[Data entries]
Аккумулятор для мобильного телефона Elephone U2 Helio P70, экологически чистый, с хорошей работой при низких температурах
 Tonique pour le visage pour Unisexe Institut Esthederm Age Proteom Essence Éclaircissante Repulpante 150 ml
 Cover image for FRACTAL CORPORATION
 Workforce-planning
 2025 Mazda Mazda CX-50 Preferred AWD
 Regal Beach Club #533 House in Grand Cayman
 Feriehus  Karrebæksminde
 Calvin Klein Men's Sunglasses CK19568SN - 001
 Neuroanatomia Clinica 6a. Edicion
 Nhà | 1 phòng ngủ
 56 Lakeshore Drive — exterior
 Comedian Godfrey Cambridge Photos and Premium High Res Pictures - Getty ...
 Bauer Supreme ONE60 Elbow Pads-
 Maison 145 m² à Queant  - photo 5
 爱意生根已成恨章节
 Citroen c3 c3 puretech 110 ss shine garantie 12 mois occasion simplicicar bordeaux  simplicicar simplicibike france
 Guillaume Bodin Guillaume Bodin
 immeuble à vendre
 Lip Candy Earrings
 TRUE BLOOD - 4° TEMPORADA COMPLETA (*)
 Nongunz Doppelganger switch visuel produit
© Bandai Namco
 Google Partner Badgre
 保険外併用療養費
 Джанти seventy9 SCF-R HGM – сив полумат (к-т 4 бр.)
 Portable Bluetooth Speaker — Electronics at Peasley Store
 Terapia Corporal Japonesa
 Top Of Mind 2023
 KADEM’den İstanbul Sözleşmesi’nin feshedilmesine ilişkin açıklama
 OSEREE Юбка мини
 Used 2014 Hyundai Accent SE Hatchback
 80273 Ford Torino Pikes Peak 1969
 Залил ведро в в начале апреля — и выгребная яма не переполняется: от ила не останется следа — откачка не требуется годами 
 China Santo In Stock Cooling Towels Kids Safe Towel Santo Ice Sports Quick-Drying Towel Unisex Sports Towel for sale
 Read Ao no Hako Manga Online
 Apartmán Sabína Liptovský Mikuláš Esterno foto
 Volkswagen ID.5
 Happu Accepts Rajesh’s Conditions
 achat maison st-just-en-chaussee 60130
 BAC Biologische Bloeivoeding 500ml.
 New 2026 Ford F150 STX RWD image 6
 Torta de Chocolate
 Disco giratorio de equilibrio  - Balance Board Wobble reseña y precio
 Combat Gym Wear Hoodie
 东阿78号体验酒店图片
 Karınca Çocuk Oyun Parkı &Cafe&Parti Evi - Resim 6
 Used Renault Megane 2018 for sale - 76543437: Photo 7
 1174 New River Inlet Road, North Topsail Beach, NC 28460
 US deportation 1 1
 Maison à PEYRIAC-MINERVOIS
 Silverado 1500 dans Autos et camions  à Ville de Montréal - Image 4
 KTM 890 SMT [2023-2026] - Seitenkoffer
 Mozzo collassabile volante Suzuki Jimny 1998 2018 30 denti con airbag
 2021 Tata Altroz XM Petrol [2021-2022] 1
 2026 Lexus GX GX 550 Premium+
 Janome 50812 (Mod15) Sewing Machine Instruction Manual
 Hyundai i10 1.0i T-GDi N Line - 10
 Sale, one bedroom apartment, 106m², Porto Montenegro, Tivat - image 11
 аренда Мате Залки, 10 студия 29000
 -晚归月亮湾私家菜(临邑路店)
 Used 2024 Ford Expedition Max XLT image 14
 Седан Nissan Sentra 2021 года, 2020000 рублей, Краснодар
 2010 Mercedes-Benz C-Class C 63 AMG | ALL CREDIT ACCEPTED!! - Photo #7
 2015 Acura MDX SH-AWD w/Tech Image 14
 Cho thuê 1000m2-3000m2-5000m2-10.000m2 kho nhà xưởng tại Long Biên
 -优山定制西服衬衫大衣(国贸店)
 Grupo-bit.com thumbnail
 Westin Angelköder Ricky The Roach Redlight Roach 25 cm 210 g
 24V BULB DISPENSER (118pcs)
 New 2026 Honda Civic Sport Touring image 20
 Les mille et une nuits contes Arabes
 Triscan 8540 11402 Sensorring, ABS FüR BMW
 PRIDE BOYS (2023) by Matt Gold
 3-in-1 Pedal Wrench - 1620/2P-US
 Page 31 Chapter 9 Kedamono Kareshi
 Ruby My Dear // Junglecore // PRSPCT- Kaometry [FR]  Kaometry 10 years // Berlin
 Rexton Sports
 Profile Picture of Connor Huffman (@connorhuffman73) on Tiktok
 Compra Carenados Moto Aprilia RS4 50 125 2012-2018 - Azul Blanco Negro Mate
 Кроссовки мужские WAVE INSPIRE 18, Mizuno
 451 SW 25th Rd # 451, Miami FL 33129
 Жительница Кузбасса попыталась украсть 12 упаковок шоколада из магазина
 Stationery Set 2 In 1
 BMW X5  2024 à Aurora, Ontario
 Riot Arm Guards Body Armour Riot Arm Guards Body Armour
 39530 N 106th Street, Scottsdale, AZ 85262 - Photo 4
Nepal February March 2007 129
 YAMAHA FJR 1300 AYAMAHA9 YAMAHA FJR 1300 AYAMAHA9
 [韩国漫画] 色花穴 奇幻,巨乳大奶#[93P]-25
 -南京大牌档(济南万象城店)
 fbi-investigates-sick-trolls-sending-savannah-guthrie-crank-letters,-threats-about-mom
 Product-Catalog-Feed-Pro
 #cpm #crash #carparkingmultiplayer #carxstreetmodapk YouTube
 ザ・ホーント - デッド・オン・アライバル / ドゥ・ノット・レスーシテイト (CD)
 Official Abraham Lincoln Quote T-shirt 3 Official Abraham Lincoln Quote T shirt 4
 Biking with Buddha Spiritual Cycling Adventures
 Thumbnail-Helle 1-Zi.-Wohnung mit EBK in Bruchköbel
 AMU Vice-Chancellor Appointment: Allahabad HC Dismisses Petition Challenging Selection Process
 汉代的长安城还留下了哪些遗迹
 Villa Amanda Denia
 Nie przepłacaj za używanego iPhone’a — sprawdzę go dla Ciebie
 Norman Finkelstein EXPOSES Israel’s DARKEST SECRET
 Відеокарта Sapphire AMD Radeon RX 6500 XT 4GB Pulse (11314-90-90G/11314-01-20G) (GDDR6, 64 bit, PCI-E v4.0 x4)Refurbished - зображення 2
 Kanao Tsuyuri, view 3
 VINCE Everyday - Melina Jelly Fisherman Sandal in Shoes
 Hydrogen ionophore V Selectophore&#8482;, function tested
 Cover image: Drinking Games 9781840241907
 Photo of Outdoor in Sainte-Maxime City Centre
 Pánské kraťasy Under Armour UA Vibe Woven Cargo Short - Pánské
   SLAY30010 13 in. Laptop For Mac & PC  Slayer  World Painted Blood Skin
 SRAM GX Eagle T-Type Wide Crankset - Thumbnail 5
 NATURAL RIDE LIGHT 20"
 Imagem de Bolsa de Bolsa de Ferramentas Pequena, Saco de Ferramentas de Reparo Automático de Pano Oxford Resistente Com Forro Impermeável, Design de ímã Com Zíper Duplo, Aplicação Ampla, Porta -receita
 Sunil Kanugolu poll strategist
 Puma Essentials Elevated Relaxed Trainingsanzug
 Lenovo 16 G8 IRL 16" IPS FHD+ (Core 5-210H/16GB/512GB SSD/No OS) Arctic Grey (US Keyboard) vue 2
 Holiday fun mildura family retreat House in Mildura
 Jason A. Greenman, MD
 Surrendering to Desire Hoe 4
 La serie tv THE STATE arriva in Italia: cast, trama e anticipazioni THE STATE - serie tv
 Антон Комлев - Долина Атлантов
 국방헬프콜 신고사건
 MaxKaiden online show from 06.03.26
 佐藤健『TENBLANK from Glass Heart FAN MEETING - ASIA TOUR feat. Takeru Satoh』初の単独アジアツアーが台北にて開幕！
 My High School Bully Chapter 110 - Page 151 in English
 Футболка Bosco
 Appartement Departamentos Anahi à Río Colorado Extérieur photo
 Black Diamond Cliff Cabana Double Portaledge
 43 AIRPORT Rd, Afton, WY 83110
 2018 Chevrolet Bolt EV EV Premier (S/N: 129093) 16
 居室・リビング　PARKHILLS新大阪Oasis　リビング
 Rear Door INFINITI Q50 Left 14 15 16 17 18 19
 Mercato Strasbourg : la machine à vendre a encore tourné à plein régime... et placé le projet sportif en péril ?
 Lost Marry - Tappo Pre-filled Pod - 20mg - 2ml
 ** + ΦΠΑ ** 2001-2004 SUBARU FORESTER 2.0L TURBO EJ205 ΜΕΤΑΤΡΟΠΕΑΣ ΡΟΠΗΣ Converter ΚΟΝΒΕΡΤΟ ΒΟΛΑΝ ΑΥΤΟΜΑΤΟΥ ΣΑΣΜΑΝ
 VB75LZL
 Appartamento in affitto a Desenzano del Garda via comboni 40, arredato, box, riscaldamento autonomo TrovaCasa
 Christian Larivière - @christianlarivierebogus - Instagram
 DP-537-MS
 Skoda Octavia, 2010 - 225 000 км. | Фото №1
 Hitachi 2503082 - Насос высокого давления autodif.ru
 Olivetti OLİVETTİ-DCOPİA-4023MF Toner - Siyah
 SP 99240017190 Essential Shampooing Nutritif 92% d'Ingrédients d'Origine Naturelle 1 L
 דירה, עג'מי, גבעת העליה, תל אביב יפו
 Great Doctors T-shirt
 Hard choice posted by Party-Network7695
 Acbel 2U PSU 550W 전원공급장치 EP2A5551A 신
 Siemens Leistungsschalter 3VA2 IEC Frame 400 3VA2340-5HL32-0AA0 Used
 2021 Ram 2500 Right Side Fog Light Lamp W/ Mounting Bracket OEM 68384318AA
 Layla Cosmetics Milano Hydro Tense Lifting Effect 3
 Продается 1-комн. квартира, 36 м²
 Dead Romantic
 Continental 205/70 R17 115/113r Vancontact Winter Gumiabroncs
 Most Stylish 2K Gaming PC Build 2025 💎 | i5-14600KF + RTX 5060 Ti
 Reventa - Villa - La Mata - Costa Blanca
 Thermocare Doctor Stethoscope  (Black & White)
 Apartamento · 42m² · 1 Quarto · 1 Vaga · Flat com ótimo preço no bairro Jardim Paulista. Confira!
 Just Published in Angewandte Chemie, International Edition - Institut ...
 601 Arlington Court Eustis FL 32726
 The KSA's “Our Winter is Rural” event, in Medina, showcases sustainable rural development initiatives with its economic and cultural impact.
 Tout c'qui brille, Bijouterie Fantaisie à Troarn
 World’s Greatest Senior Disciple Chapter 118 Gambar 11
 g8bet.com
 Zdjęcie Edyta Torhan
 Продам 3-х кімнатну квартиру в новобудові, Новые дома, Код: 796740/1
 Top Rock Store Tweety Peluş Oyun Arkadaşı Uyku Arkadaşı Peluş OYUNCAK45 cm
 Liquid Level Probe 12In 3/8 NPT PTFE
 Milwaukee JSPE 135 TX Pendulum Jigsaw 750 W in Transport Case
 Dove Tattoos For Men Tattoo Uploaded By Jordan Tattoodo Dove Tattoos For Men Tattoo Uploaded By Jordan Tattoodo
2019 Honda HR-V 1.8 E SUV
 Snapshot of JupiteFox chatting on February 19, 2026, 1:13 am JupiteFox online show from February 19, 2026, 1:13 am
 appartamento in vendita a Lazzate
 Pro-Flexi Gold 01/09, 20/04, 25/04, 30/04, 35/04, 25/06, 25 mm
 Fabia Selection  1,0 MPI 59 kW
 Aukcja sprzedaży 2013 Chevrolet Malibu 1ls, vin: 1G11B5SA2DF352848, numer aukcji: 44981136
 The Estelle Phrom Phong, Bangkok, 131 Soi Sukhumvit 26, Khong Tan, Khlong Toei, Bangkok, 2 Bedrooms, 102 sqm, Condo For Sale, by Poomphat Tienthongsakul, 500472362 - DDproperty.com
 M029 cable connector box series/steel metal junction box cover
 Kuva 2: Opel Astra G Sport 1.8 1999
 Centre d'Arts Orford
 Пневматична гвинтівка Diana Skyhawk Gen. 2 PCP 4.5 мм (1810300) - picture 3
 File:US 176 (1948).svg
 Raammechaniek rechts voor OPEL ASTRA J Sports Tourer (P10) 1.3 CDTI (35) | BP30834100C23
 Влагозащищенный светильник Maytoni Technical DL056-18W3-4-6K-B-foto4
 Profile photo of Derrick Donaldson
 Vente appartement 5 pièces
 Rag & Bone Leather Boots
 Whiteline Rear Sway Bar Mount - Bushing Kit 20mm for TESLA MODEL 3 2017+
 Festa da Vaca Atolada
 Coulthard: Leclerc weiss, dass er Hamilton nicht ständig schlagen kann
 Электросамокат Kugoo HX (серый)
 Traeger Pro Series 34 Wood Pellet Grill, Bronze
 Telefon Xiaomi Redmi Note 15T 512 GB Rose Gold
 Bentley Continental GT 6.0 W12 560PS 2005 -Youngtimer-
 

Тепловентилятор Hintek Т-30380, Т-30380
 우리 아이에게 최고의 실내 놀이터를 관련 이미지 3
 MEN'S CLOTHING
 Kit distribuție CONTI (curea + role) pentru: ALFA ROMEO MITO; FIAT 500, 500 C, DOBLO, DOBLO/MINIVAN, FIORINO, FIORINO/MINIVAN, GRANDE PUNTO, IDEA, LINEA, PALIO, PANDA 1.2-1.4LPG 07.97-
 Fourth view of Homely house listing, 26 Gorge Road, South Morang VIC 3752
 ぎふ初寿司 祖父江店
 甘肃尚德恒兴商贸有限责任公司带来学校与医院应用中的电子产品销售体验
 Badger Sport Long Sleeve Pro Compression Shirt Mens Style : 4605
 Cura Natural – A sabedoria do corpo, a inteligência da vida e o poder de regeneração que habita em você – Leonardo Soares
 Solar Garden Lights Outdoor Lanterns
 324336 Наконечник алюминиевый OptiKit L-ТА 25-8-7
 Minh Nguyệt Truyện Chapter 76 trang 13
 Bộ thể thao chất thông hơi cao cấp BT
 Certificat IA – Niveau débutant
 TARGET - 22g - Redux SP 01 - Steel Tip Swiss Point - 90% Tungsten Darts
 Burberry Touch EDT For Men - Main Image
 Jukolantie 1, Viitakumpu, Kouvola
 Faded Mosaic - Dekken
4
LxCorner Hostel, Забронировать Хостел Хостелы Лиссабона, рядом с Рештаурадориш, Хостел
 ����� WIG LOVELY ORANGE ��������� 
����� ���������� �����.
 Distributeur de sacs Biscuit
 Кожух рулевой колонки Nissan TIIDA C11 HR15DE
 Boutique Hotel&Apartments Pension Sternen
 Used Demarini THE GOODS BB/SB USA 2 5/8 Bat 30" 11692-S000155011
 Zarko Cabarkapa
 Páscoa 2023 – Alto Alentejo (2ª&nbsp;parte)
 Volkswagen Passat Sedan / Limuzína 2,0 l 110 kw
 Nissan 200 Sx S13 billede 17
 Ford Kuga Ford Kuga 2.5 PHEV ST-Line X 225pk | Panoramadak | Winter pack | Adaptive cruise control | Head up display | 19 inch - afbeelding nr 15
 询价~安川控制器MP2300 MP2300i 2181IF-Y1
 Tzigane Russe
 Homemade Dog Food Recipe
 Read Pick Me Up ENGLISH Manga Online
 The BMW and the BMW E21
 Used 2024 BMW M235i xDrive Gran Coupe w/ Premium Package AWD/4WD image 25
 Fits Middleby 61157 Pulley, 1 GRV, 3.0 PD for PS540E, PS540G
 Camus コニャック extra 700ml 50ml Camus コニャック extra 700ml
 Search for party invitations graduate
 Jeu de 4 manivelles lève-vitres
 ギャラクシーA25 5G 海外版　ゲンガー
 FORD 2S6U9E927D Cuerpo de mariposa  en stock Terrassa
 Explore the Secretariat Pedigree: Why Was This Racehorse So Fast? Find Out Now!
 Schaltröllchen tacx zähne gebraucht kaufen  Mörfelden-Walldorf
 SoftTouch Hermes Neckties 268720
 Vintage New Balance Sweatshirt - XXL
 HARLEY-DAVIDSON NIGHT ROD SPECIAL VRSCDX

- [Work to complete]:
Search the lines above for the string "Manga" and copy each line that has it.

- [Task result]:
 Read Ao no Hako Manga Online
 Read Pick Me Up ENGLISH Manga Online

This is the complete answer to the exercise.